The Signal: DOconomy, a fintech startup in Sweden, is introducing a new kind of credit card. Rather than a monthly dollar limit, this card will limit purchases based on the combined carbon footprint of the things you buy. The card, named DO Black, is designed to help eco-conscious consumers cut their carbon footprint in half by 2030.

Why it’s a Big Deal: Up to now, there’s been one major factor determining how companies do business: cost. Whether it’s cost of production, or cost to the consumer, dollars and cents drive action. Good environmental intentions often hold little sway when stacked against cost considerations.

By turning environmental impact into a second currency (and using it to limit purchases), DOconomy stands to change the incentive structure for businesses. Even inexpensive products with a high carbon footprint would be less "affordable," since they quickly deplete a buyer’s carbon limit.
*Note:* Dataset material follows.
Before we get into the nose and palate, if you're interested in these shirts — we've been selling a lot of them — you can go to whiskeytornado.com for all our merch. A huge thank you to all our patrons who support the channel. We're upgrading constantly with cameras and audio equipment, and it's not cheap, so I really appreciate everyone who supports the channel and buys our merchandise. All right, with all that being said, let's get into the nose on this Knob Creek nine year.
Already, some companies are positioning themselves to thrive in this reality. Allbirds, for example, is developing a carbon-neutral shoe. Patagonia is cutting up to 80% of their materials’ carbon footprint by switching to recycled fibers. Even boutique vintners like Benevolent Neglect and Belong Wine Co. are certified carbon neutral.
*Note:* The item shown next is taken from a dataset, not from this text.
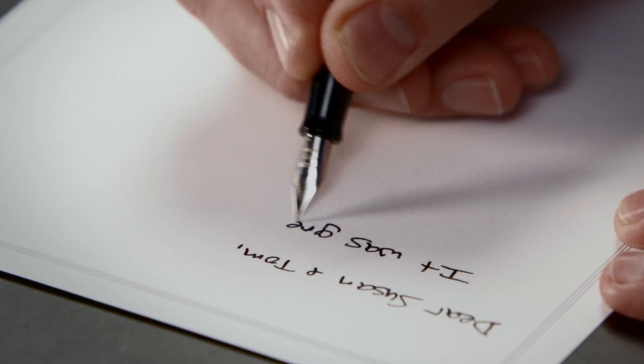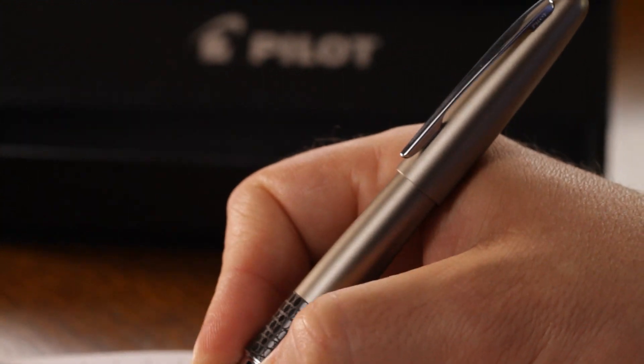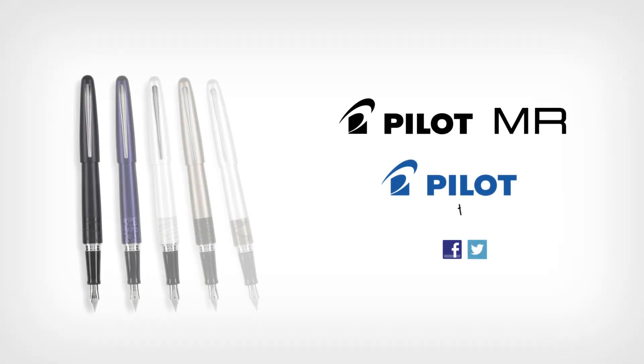The fountain pen's laser-cut nib delivers smooth, expressive writing. For a touch of the exotic, along with expert craftsmanship and outstanding value, choose the Pilot MR Fountain Pen.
170m Americans held credit cards in 2018 (many held several), with $4.3T in credit extended. If carbon-limit cards eventually captured just .1% of that market (170k people), they could represent $4.3B in buying power.

That economic muscle could cause serious shifts in the consumer economy, creating interesting opportunities for:

Marketplaces: Since the carbon price of a product isn’t yet listed on the package, consumers may want to know what their best options are before buying. One idea for builders: Create a website that curates low-carbon-footprint versions of everyday household products.

Carbon Offsets for the Common Class: If visibility into carbon costs leads consumers to change their buying habits, small- to medium-sized business owners may need simple carbon offset solutions to keep their products "affordable."

Products like venture-backed Patch, which offers an API that allows small businesses to automatically calculate and purchase carbon offsets, may be in higher demand.

Consumers may also want an easy way to offset their purchases themselves, either to "pay down" the carbon limit on their credit card, or simply to feel better about their impact on the planet.

DO it Yourself: DOconomy is not really a credit card company. They’re a data company that happens to offer a credit card. Their main product, the Åland Index, tracks the environmental cost of consumer purchases.

If you had the banking connections, and wanted to replicate their idea, you could simply pay for access to the Åland Index API, and use it to launch a carbon-limit credit card of your own.

The New Personalization: Aside from CO2 production, consumer industries also drive problems like water pollution, deforestation, human and animal suffering, and more -- each with a dedicated following of activists fighting for a change. Using ESG data from companies like Akadia, you could produce other budgeting apps, credit cards, or product marketplaces designed to help concerned consumers put an end to the problems they care about.